Creating new DataFrames step by step and accessing their schema on each iteration
When you create large numbers of new DataFrames, avoid excessive usage of calls triggering eager analysis on them (such as df.columns, df.schema). You can access the schema of the same DataFrame multiple times, but triggering analysis on many newly created DataFrames will impact performance.
For example, when iteratively adding columns to a DataFrame inside a loop and checking whether each column already exists before adding it, calling df.columns on each newly created DataFrame triggers an analysis request on every iteration. To avoid this, maintain a set to track column names instead of repeatedly accessing the DataFrame's schema.
Python
df = spark.range(10)
columns = set(df.columns) # Maintain the set of column names
for i in range(200):
new_column_name = str(i)
# if new_column_name not in df.columns: # Bad practice. The `df.columns` call causes an analysis request on the newly created DataFrame in every iteration.
if new_column_name not in columns: # Check the set without triggering analysis
df = df.withColumn(new_column_name, F.col("id") + i)
columns.add(new_column_name)
df.show()
Scala
import org.apache.spark.sql.functions._
var df = spark.range(10).toDF
val columns = scala.collection.mutable.Set(df.columns: _*)
for (i <- 0 until 200) {
val newColumnName = i.toString
// if (!df.columns.contains(newColumnName)) { // Bad practice. The `df.columns` call causes an analysis request on the newly created DataFrame in every iteration.
if (!columns.contains(newColumnName)) { // Check the set without triggering analysis
df = df.withColumn(newColumnName, col("id") + i)
columns.add(newColumnName)
}
}
df.show()
Avoid accessing schemas for a large number of intermediate DataFrames
Another similar case is creating a large number of unnecessary intermediate DataFrames and analyzing them. In the following case, to extract the field names from each column of a struct type, obtain StructType field information directly from the DataFrame's schema instead of creating intermediate DataFrames.
Python
from pyspark.sql.types import StructType
df = ...
struct_column_fields = {
# column_schema.name: df.select(column_schema.name + ".*").columns # Bad practice. This creates an intermediate DataFrame and triggers an analysis request for each StructType column.

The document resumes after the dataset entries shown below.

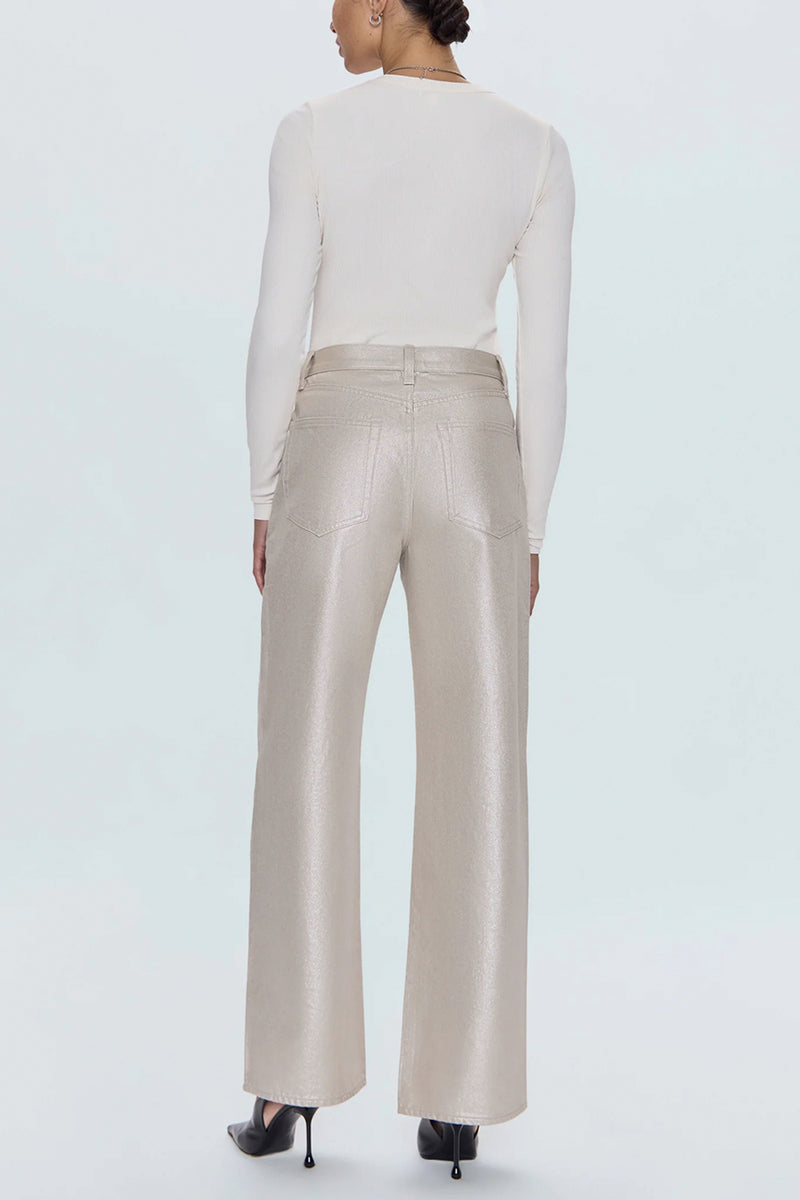 Tate High Rise Bowed Wide Leg Jean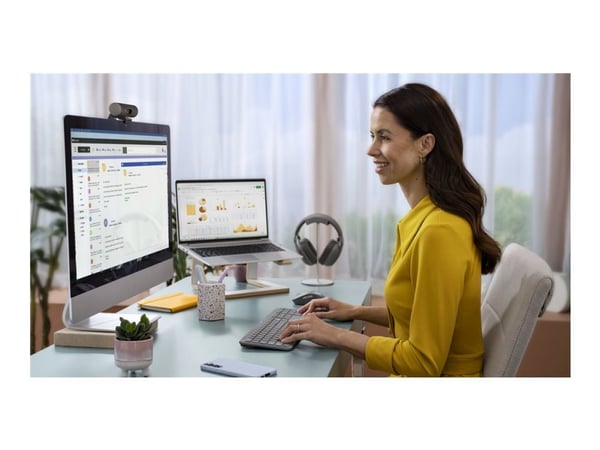 Logitech Signature Slim Combo MK950 for Business - Tastatur- og mussett - trådløs - Bluetooth 5.1 LE - QWERTY - US International - grafitt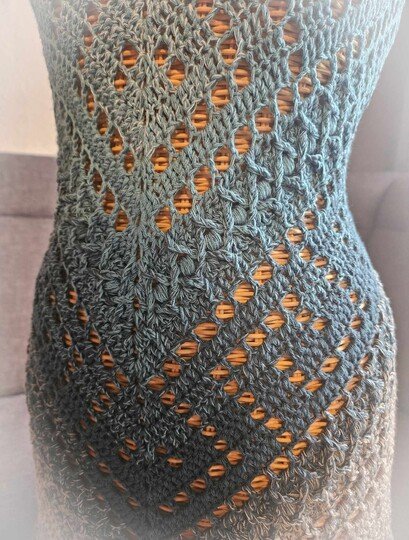 Häkelanleitung Dreieckstuch "Olympia"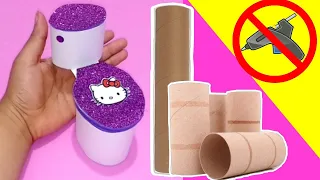 How to make Miniature Toilet for Barbie dolls | Toilet for Dollhouse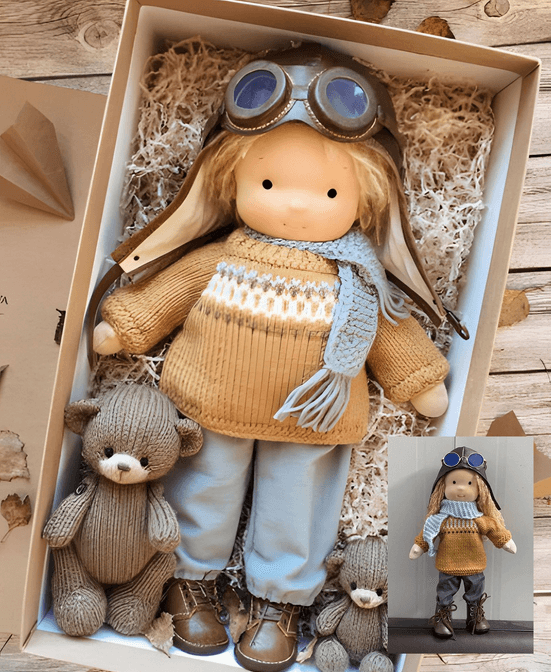 Håndlavet Waldorf-krammedukke – Poppi til Fantasifuld Leg Others Toy SUNA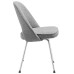 Cordelia Dining Fabric Side Chair in Light Gray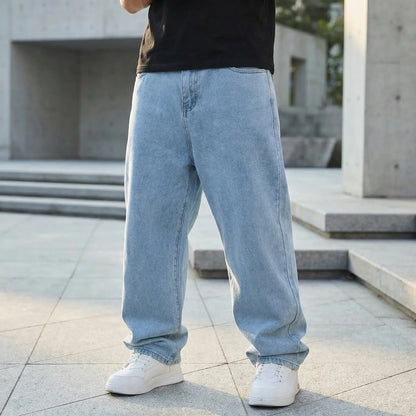 Waydenim - Baggy Straight-Leg Denim Trousers  Everyday Casual Wear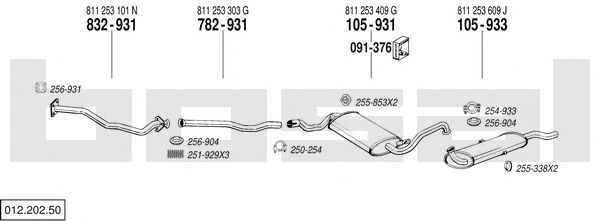 Exhaust System 012.202.50
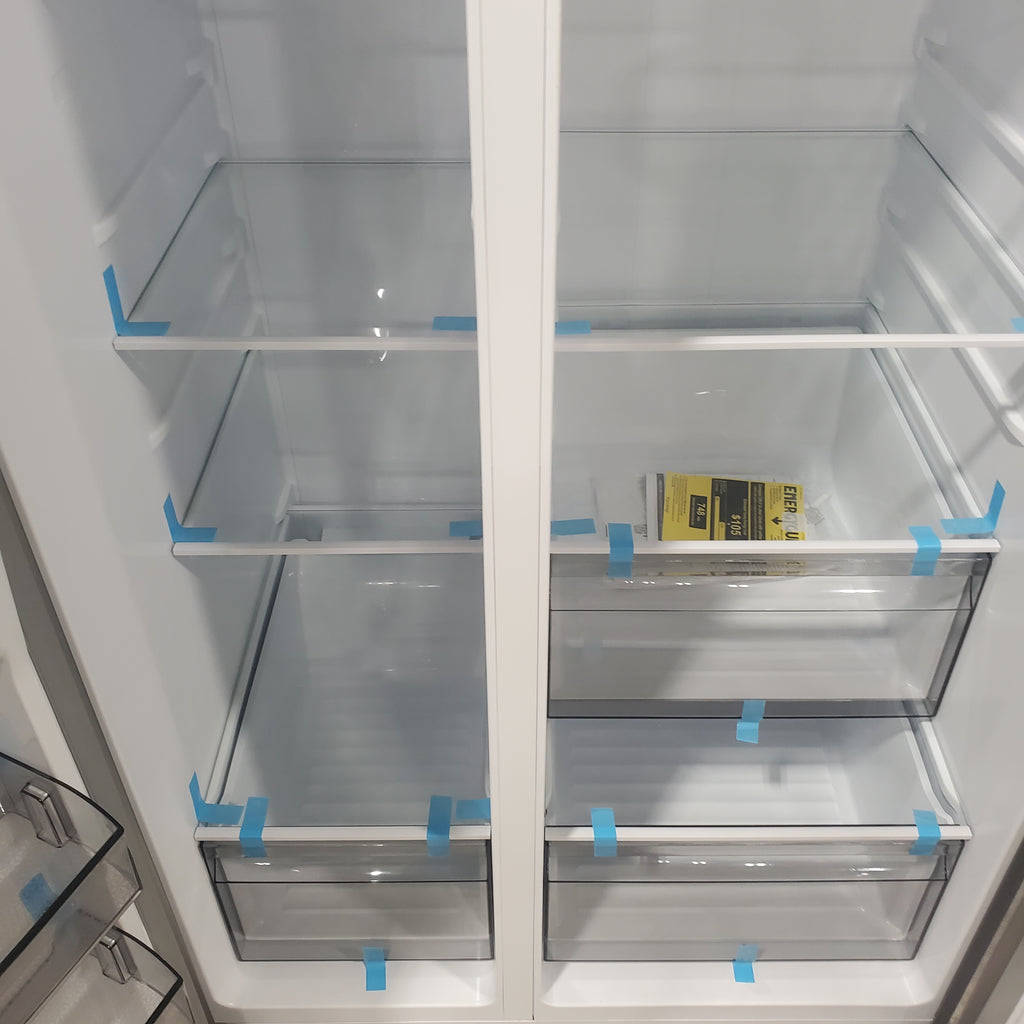 Pictures of Hisense 29.1 cu. ft. Standard Depth Side by Side Refrigerator Stainless Steel HRS290P5FSE - Scratch & Dent (Minor) - Neu Appliance Outlet - Discount Appliance Outlet in Austin, Tx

column_schema.name: [f.name for f in column_schema.dataType.fields] # Access StructType fields directly from the schema, avoiding analysis on intermediate DataFrames.
for column_schema in df.schema
if isinstance(column_schema.dataType, StructType)
}
print(struct_column_fields)
Scala
import org.apache.spark.sql.types.StructType
df = ...
val structColumnFields = df.schema.fields
.filter(_.dataType.isInstanceOf[StructType])
.map { field =>
// field.name -> df.select(field.name + ".*").columns // Bad practice. This creates an intermediate DataFrame and triggers analysis for each StructType column.
field.name -> field.dataType.asInstanceOf[StructType].fields.map(_.name) // Access StructType fields directly from the schema, avoiding analysis on intermediate DataFrames.